(Records excerpted from a collection)
◆ ◆ ◆

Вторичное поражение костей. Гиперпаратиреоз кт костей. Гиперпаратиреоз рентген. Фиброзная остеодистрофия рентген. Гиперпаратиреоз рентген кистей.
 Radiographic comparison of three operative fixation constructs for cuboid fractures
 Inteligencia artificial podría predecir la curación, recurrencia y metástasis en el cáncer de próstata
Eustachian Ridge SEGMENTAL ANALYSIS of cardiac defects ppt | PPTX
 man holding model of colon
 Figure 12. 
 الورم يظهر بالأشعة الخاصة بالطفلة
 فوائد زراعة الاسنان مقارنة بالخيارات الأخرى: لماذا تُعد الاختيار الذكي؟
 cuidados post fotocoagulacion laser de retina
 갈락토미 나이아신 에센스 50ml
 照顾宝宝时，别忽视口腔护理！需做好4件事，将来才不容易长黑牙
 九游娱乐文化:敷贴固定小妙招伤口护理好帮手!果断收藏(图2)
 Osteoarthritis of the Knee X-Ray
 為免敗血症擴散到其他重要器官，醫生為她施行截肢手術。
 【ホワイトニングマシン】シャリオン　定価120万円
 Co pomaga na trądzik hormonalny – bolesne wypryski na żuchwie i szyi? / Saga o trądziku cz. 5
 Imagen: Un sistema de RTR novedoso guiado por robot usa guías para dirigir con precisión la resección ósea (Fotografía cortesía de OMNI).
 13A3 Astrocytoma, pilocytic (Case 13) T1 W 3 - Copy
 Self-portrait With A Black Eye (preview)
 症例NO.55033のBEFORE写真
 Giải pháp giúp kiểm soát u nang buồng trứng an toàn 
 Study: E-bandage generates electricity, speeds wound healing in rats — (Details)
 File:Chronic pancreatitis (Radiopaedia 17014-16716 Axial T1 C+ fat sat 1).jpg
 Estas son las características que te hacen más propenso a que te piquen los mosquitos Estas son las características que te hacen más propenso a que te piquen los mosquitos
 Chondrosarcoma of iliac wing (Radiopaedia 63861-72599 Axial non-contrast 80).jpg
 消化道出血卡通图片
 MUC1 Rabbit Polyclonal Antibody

◆ ◆ ◆

◆ **TASK**
"Axial" is the string to look for; please copy every line of the records above where it appears.

◆ **RESPONSE AREA**
 File:Chronic pancreatitis (Radiopaedia 17014-16716 Axial T1 C+ fat sat 1).jpg
 Chondrosarcoma of iliac wing (Radiopaedia 63861-72599 Axial non-contrast 80).jpg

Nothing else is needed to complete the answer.